The Guardian
- Front page of the February 12, 2017 edition
- Type: Weekly newspaper
- Format: Tabloid
- Owner(s): United Democratic Party
- Editor: Alfonso Noble
- Founded: 1998
- Political alignment: United Democratic Party
- Headquarters: Ebony St. & Bel China Bridge, P.O. Box 1898, Belize City, Belize
- Circulation: about 20,000
- Website: GUARDIAN website

= The Guardian (Belize) =

Belizean newspaper

The Guardian is a Belizean newspaper and the official print organ of the United Democratic Party. It is published on Thursdays and sells for BZ$1.

== UDP newspaper history before The Guardian ==
The UDP's history in the newspaper business starts with the Beacon, owned by Dean Lindo, which began printing in 1969 and was the main UDP newspaper (replacing The Reporter). The Beacon survived until 1994, but the last years of the newspaper saw it become slowly eclipsed by the new People's Pulse, headed first by Zelma Jex and later by William Ysaguirre and Ann-Marie Williams. The Pulse was the main newspaper for much of the 1990s but shut down like its predecessor after a UDP election loss in 1998.

== Formation ==
With the defunct People's Pulse scheduled for shutdown after the 1998 general elections, in which the UDP lost, it was thought that the party needed a new image. The Guardian was expected to be part of that new image. With this in mind, the first issue of the newspaper rolled off the press in October 1998, even as the Pulse faced unpaid bills.

== Current staff ==
- Editor: Alfonso Noble
- Marketing and Sales Manager: Ann Smith
- Reporter: Shane Williams
- Compositor: Adelie Patt
- Receptionist/Accounts Clerk: Vanessa Gillett
- Contributors (partial listing): Yasmine Andrews, Carlos Perdomo, Dr.
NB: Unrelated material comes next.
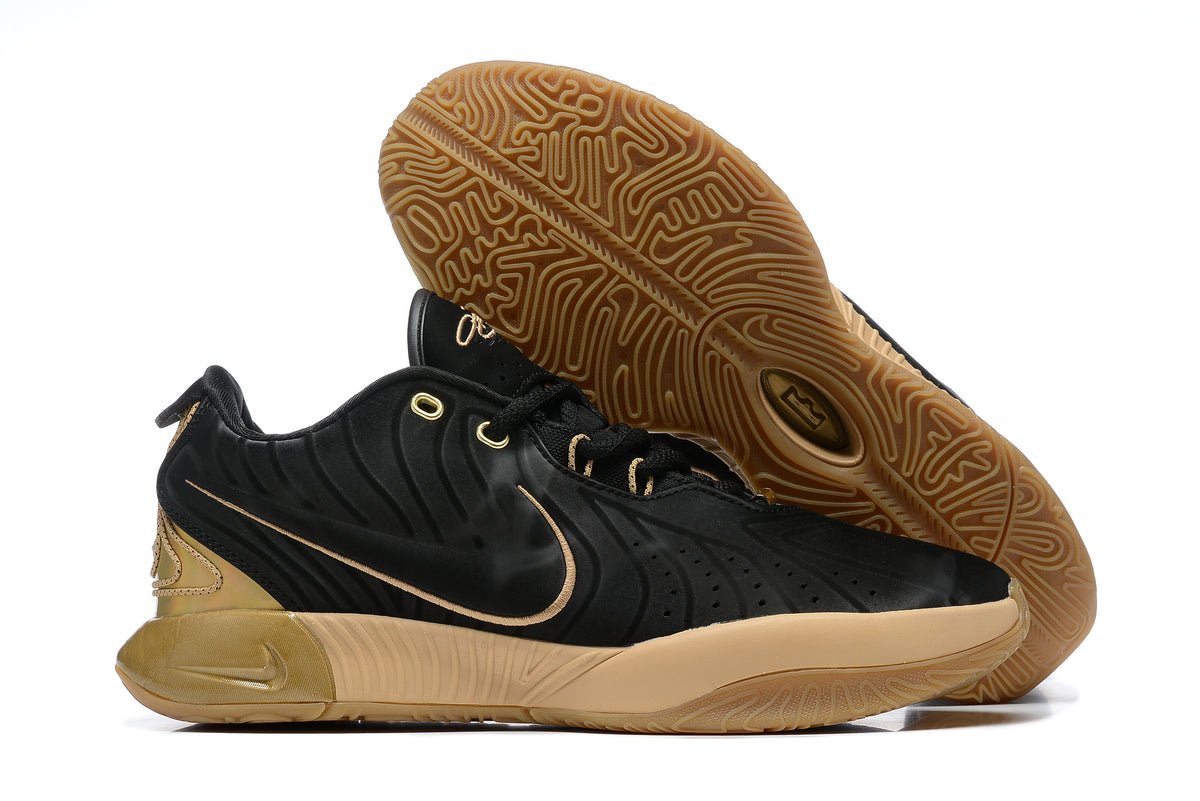 Black Nike basketball shoe with gold accents and gum-colored outsole.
George Gough, Michael Peyrefitte, Jamil Matar
  - Columns w/out byline: "Bits and Pieces" (periodically), "The Searchlight", "Women Today", "Politics Today", sports section.

== Editorial stance ==
As the official print organ of the United Democratic Party, The Guardian consistently criticizes the policies of the opposition People's United Party, whether in or out of government, similar to its PUP counterpart The Belize Times with regard to the UDP.
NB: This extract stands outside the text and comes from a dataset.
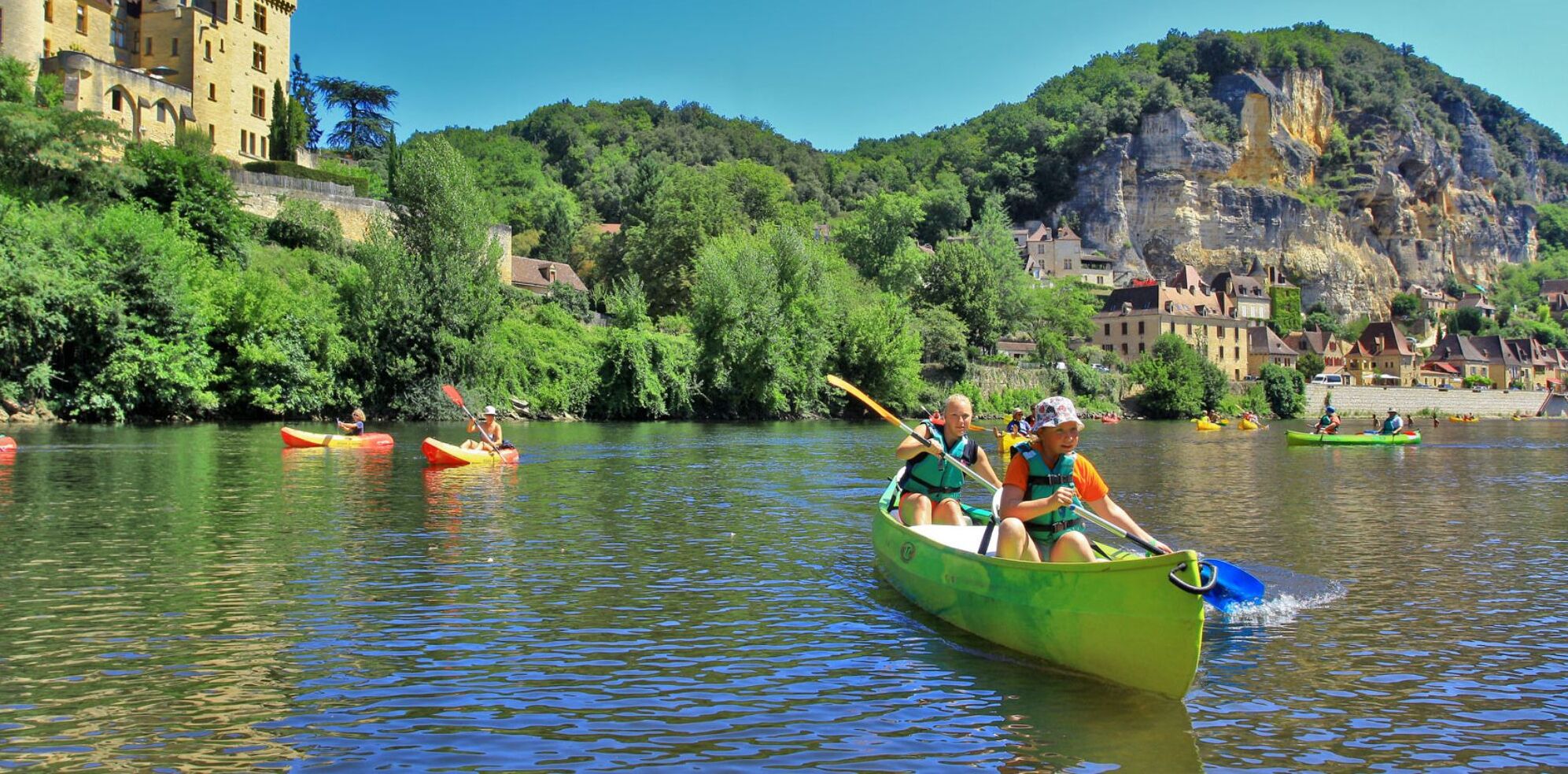 A river with people kayaking. There are buildings and trees along the riverbank.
In March 2003, after the UDP lost elections called on the 5th of the month, editor Panton claimed the election was the worst managed in Belizean history and listed a number of instances he thought were proof of the Elections and Boundaries Department's perfidy toward the UDP. However, Panton was at the time a member of the EBD's parent body, the Elections and Boundaries Commission, and was seen to have embarrassed the Commission by his action. A similar incident occurred prior to the 2003 by-election in October contested by the March loser John Saldivar. Panton editorialized in the Guardian again about alleged abuses by the EBD and earned himself its ire once more, though Saldivar won the election anyway. Both cases went into the EBD's report of events in 2003, and Panton would eventually be replaced by John Avery.